Cassava value chain project hopes to boost food security
As a farmer and a community leader, retired policeman Simon Peter Gitahi’s constant worry until 2018 was how a local growers’ marketing cooperative society could be kicked back to life and help farmers earn an income from cassava farming.
Gitahi, who was also the chair of the Subukia Cassava Farmers’ Cooperative Society, had led smallholder farmers in the lower Subukia area of Kenya’s Nakuru County into transforming a local self-help group into the cooperative society in 2014, with ambitious plans for processing foods and feeds from the crop.

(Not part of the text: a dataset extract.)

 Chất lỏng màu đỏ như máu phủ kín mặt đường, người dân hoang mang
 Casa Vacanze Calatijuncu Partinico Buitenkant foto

Besides earning the farmers an income, this would also provide a ready market for their produce, he reasoned. It would also ensure food security in this largely arid catchment area and the neighbouring Solai administrative division.

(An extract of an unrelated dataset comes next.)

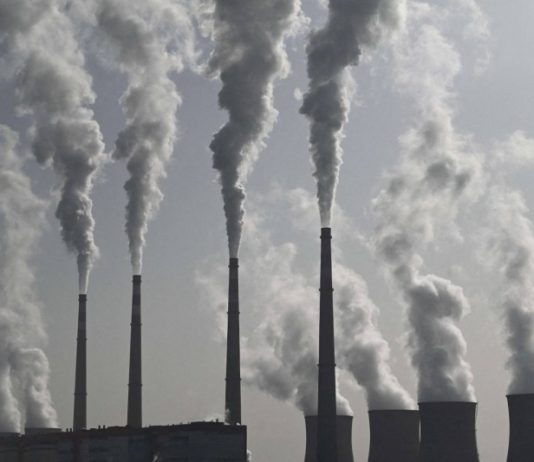 شركات الطاقة والإسمنت تفاقم مخاطر الاحتباس الحراري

Problems, however, cropped up along the way. Despite the 110-member group owning millions of shillings’ worth of machines for processing flours and chippings from the tuber, they did not have a building of their own in which to install the equipment.
They had to install the machines in a leased building that upset the owner because of the vibration caused by the heavy equipment.
“Getting a parcel of land to build our own premises became an urgent matter, and with support equipment. However, we did not have electricity to run the factory or adequate supplies to support our value-addition plans,” Gitahi recalled.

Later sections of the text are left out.